**MATERIAL SUPPLIED**

───

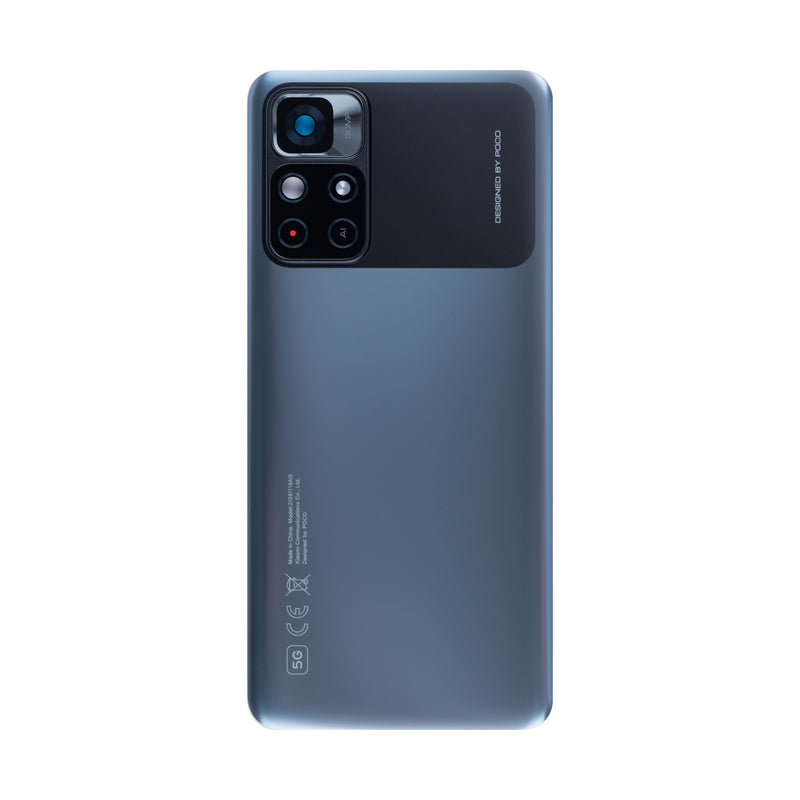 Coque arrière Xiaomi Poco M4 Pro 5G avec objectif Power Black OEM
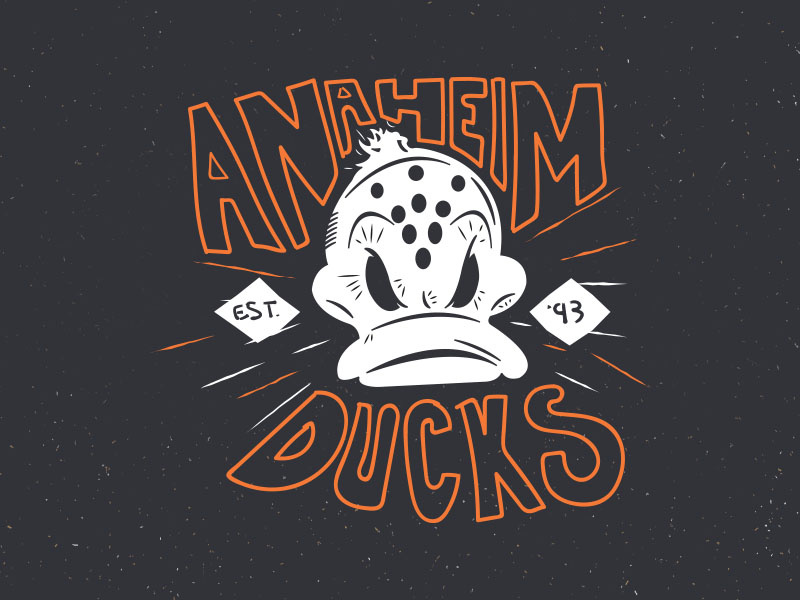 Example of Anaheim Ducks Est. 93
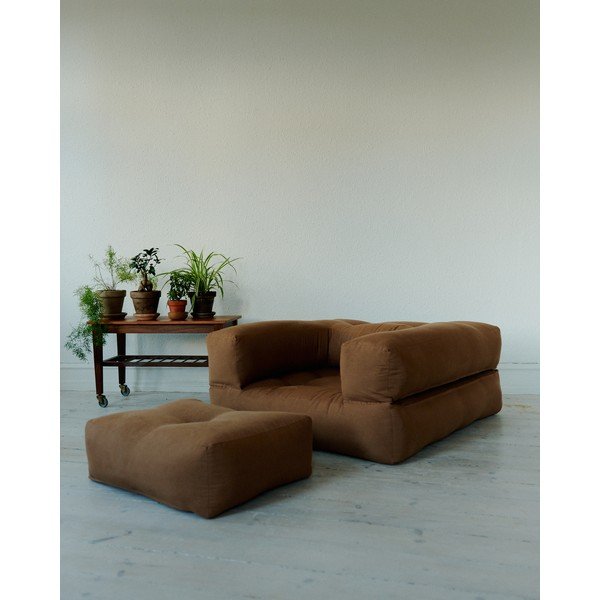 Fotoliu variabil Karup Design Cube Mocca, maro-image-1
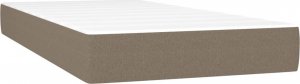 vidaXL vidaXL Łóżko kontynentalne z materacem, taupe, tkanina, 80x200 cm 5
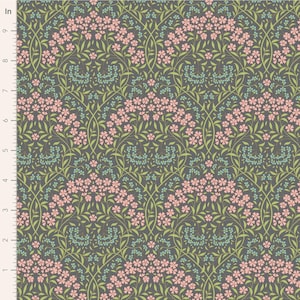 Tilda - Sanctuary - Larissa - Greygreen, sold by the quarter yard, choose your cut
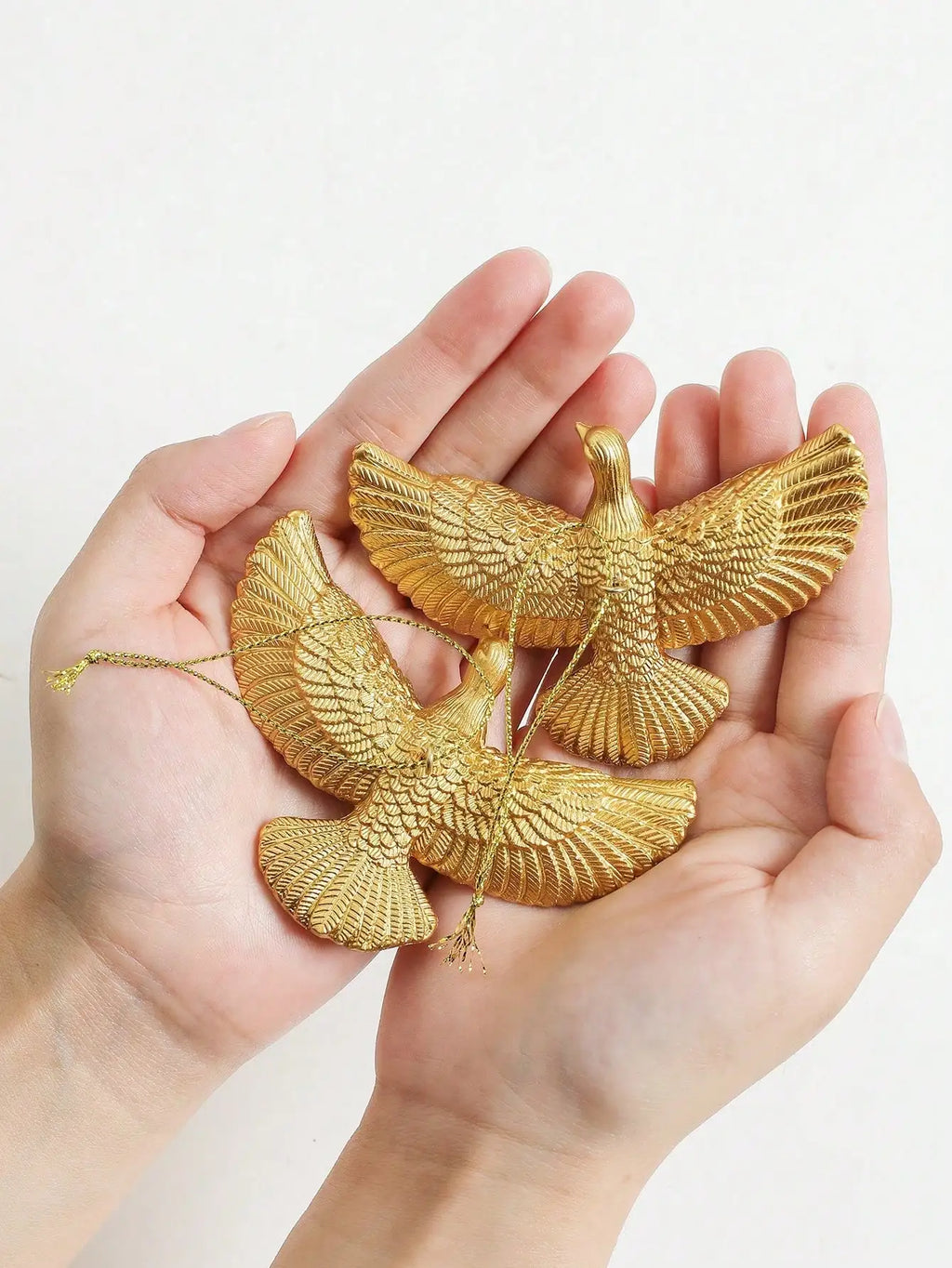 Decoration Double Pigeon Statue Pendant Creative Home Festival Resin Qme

───

**PROBLEM DESCRIPTION**
Copy exactly the lines from the one containing "Fotoliu variabil Karup" through the final line of the records above, both included, and leave out any pictures.

**SOLUTION TO THIS PROBLEM**
 Fotoliu variabil Karup Design Cube Mocca, maro-image-1
 vidaXL vidaXL Łóżko kontynentalne z materacem, taupe, tkanina, 80x200 cm 5
 Tilda - Sanctuary - Larissa - Greygreen, sold by the quarter yard, choose your cut
 Decoration Double Pigeon Statue Pendant Creative Home Festival Resin Qme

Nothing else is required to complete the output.